半身浴読書~109~
『燃えよ剣』 / 司馬遼太郎,読了.
さすが司馬遼太郎作品です.すごく面白かった.
この人の本,たくさんは読んでないけど,誰かひとりを持ち上げて,何もかもいい人っぽく書くなんてことがないから好きだ.
この作品は,新撰組の土方歳三の話だ.
わたしは正直,日本史音痴で幕末に起きたさまざまな事件や戦争や歴史など,あまり知らない.この本で初めて『そうだったんだぁ~』などと思うことも多かった.
長い作品なので,いろんなことを思った.
新撰組が人気があるのは,なぜだろう?彼らがしていることは,今で言うと公認の自警団組織のようなもので,しかも人殺しだ.おまけに,組抜けも許さない.殺すのだ.
今だったらあり得ない話でしょう?
あんなに何人も人を殺して,誰にも逮捕されず,詮議さえもなく,むしろ有名人だ.
そして,そういう新撰組は今でも人気がある.結局,新撰組はちりじりになるし,近藤勇は斬首されちゃうし,徳川幕府も復活はしなかったのだけど.
きっとその生き様に人は心を動かされるんじゃないか.
わたしも,最初読み始めたときは,土方歳三のこと好きになれなかった.でも,読み進むにつれて,彼の生き様というか信念というか,単純さというか,そういうものに惹かれた.

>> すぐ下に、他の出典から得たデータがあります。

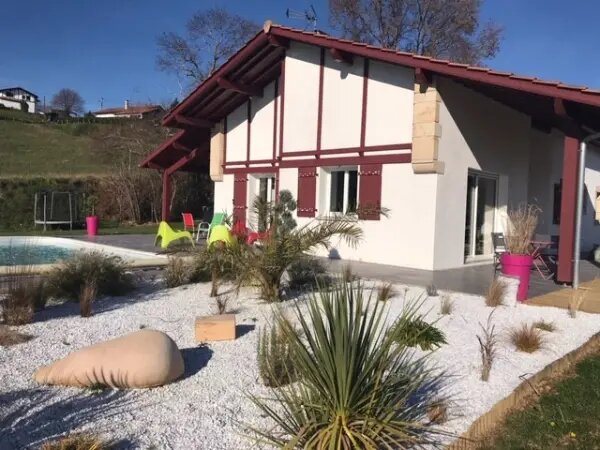 Maison à vendre, 200m², Saint-Pée-sur-Nivelle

土方歳三は,自分で考える人だと思う.また,自分を知っている人でもある.背伸びせず,臆せず,揺るがない自分を持つ,そのかっこよさはとても心を打つ.わたしもそうありたいと,強く思う.
土方歳三の恋もいい.お雪との逢瀬は,とてもロマンチックで切なくて,胸キュンだ.でもわたしは,お雪にはなれん (-_-) あんなふうに黙って待つ女には,絶対になれんな.そう思った.
それにしても,わずか百数十年前,日本でこんな流血の戦いがあったのかと,改めて驚く.
やはり人類は,対立をケンカで解決するものなのかもしれない.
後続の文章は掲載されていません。